(Data excerpts)
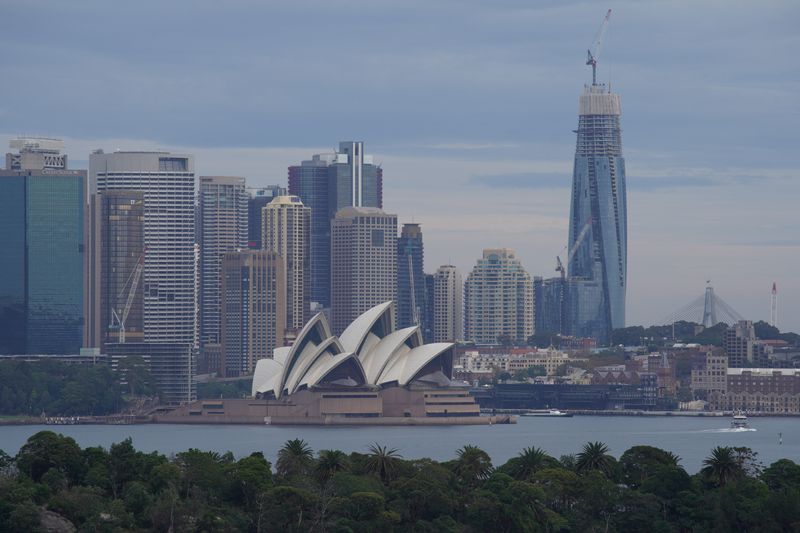 © Reuters. The Sydney Opera House and city centre skyline are seen as the spread of the coronavirus disease (COVID-19) continues in Sydney, Australia, April 20, 2020.  REUTERS/Loren Elliott/Files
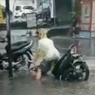 Viral, Video Motor Mencebur ke Selokan Sampai Tenggelam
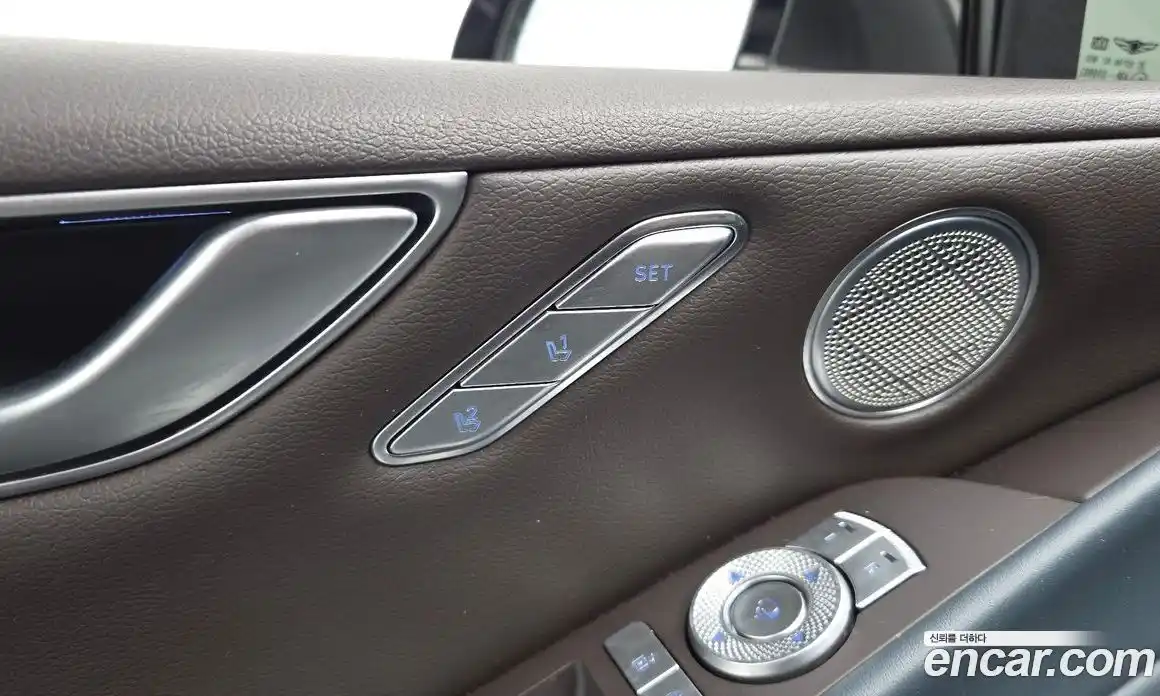 Genesis G80 2023 3.5 гидро в Москве № 2051536, фото 18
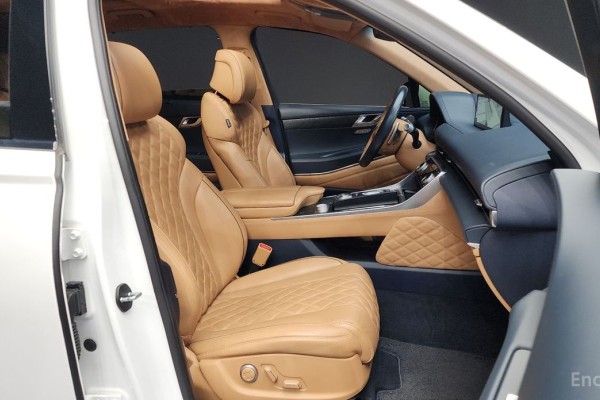 2022 Genesis GV80 с пробегом 114 416 км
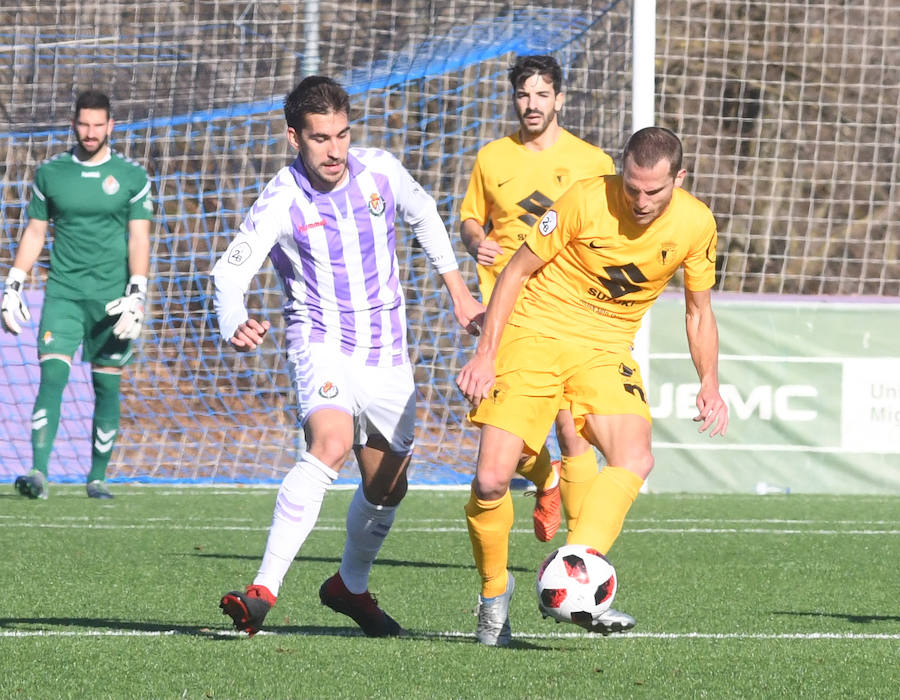 Imágenes de la derrota del Burgos CF frente al Real Valladolid B.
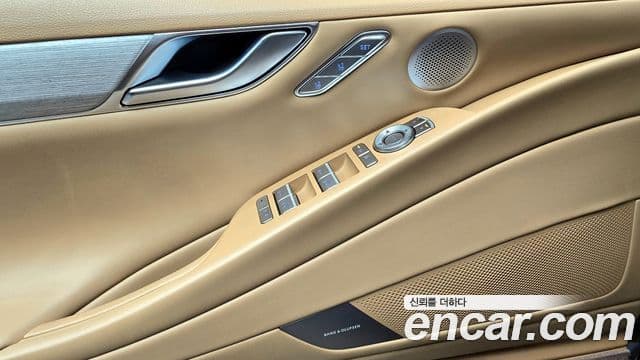 Genesis G80 (RG3) бензин 3.5 турбо AWD, 2025 17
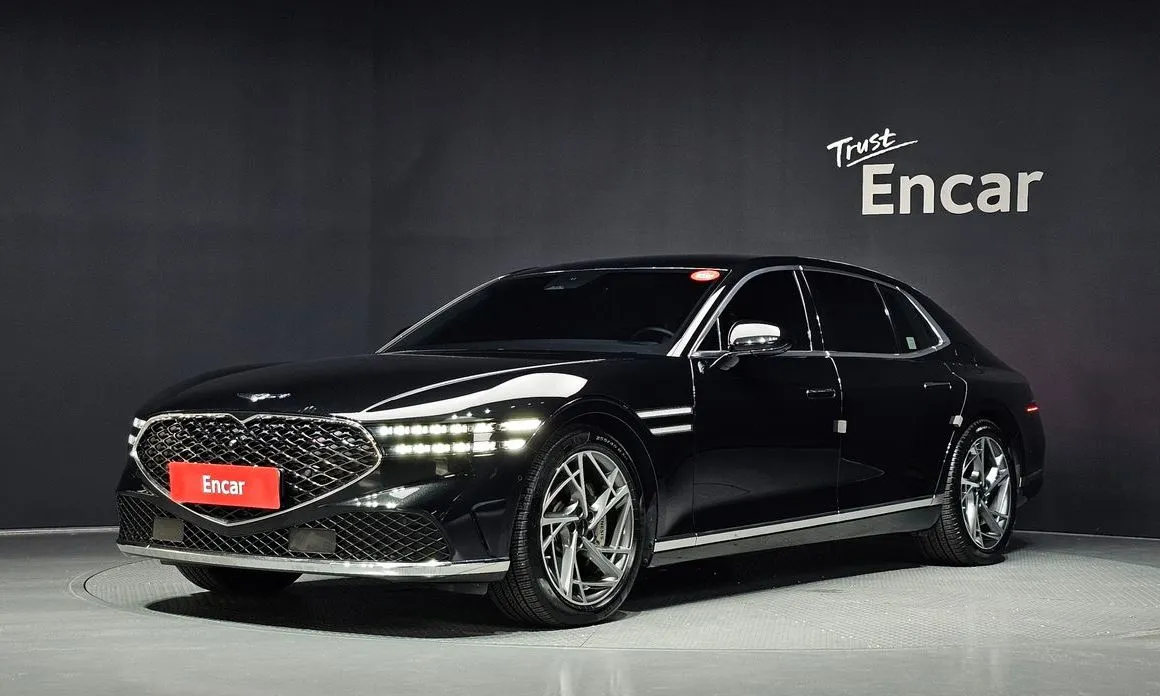 Genesis G90 — фото 1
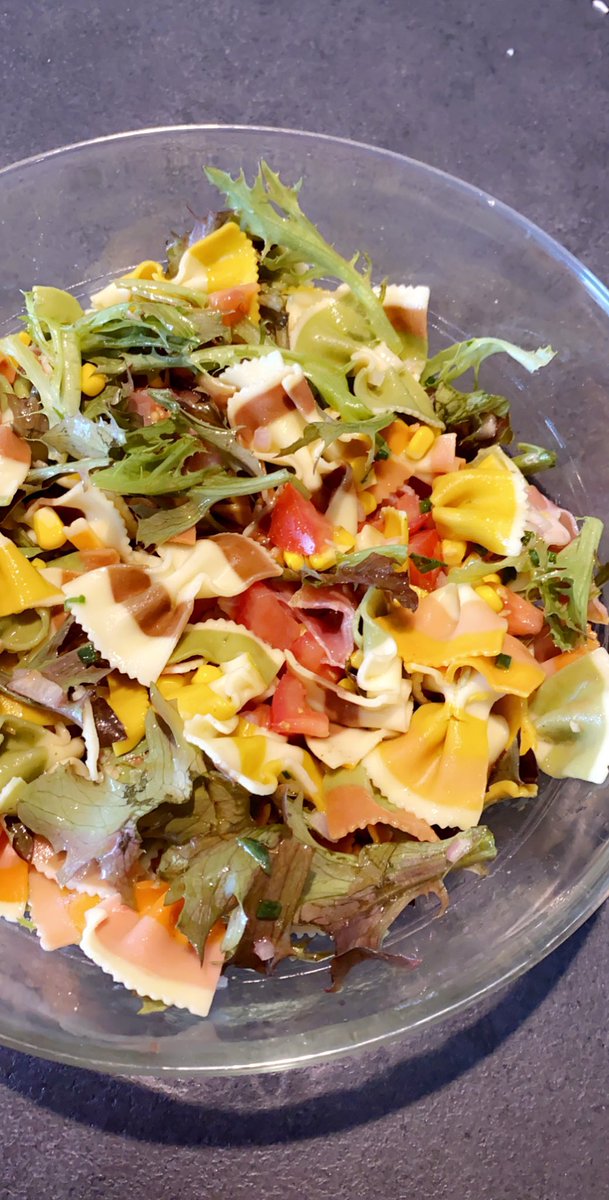 Cindybis67's tweet photo. Le confinement aura eu du bon, je cuisine encore plus 🥰 #RestezChezVous #CONFINEMENTJOUR27 #coronavirus #saveursdelété https://t.co/N3hmfF4sHt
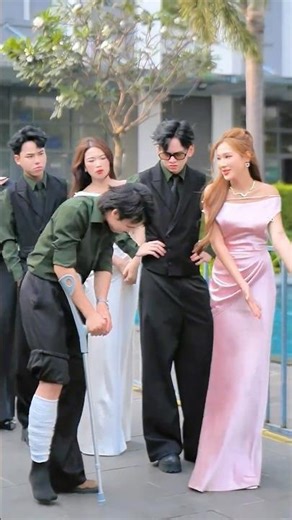 Lend a hand in tough times 🤝 #taihoa #viral #shorts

▶ [What you have to do]:
All that should appear in the response is the run of lines from the one with "Genesis G80 2023" through the final line of the records, restated exactly, with pictures omitted.

▶ [Output]:
 Genesis G80 2023 3.5 гидро в Москве № 2051536, фото 18
 2022 Genesis GV80 с пробегом 114 416 км
 Imágenes de la derrota del Burgos CF frente al Real Valladolid B.
 Genesis G80 (RG3) бензин 3.5 турбо AWD, 2025 17
 Genesis G90 — фото 1
 Cindybis67's tweet photo. Le confinement aura eu du bon, je cuisine encore plus 🥰 #RestezChezVous #CONFINEMENTJOUR27 #coronavirus #saveursdelété https://t.co/N3hmfF4sHt
 Lend a hand in tough times 🤝 #taihoa #viral #shorts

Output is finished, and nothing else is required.